In hindsight, I really wish I had gotten up and started talking to them - mainly because I would've been shouting at them from my bedroom window and I probably would've succumbed to temptation and thrown a shoe at them or something. Anyway, they left evidence of their visit in the form of a cheapily-printed leaflet telling me how I should get involved in Bible study in order to live a better and more rewarding life free of sin. Well, I hate to break it to you, chaps, but I already have a bible: it's called the Star Trek Encyclopedia, and while it is in dire need of an update (rather like the Bible, I s'pose), it's a damn sight more entertaining, and, dare I say it, less fictional than the one you want me to study. It's also full of pretty pictures of starships.
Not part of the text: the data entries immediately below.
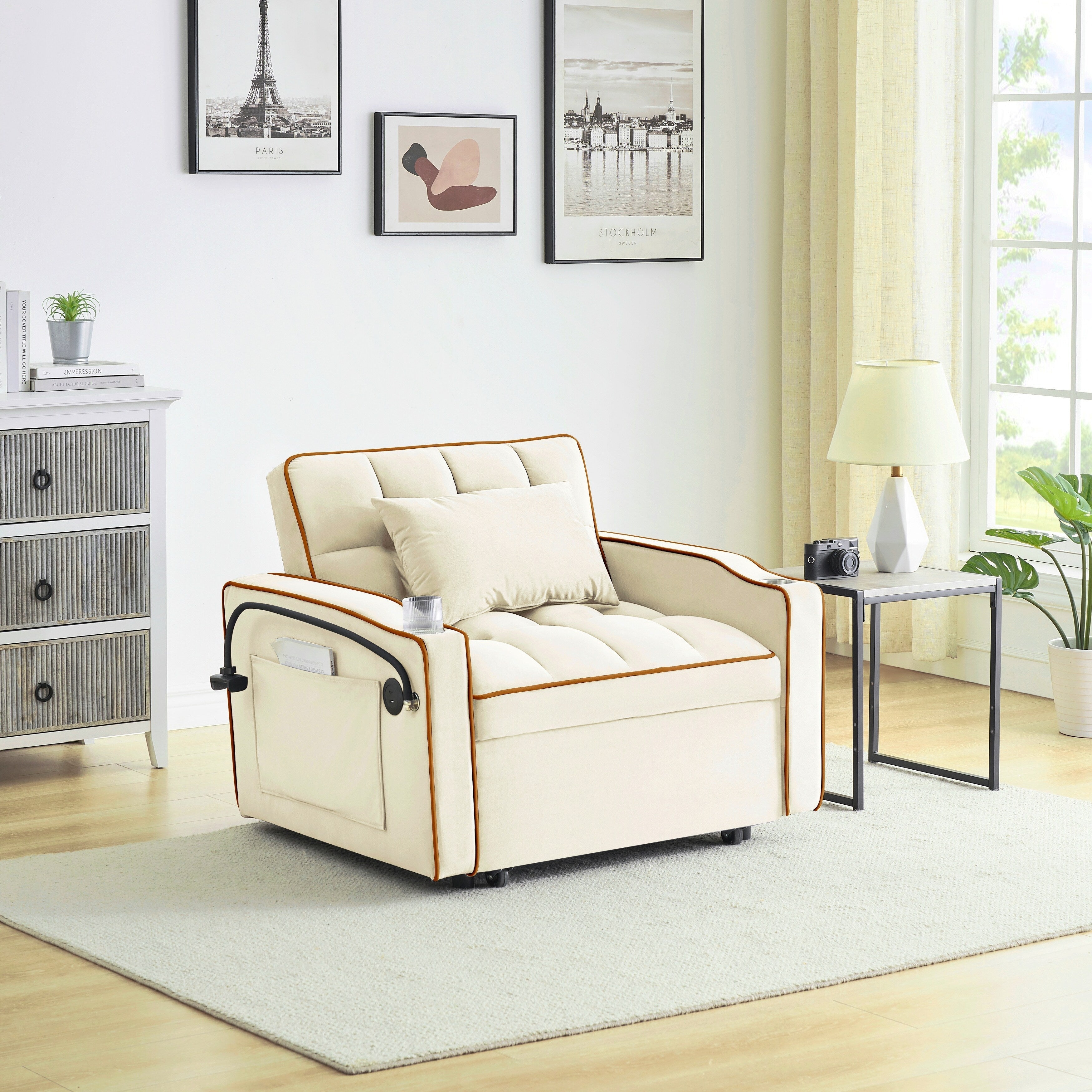 Modern 70.86 3 in 1 Single Convertible Sofa Bed with Adjustable Back and USB Charging Port for Living Room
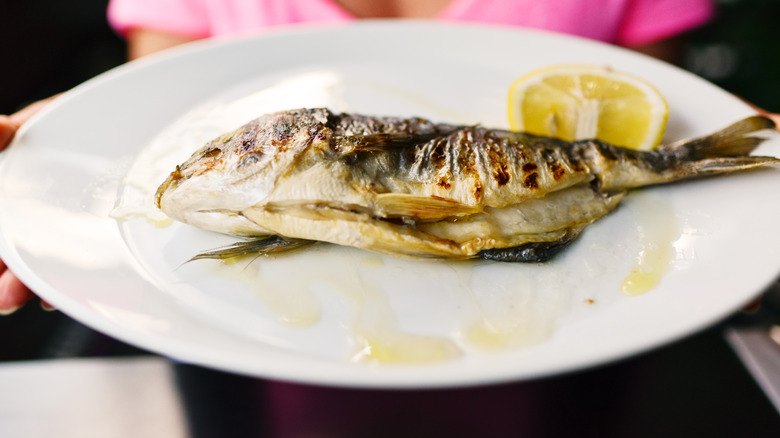 grilled whole sea bream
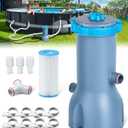 Pro Series 1000 GPH Above Ground Pool Filter Pump, Powerful Pool Cartridge Filter Pump, Water Circulation and Filtration System - Improved Water Clarity, Pools Pumps Above Ground-Sky Blue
Anyway, if I know anything about Jehovah's Witnesses it's that they're persistent little buggers, and will no doubt be back. And if they do, I think I'll argue with them for at least an hour, then slam the door in their faces before discretely following them to their home. I shall then return to their abode later that evening at a time that is - god forbid! - greatly inconvenient to them, armed with a full 13 binder set of The Official Star Trek Fact Files, at which point I shall begin lecturing them on the concept of Sto-vo-kor and Gre'thor, the Klingon equivalents of heaven and hell. Let's see how they like them apples, eh?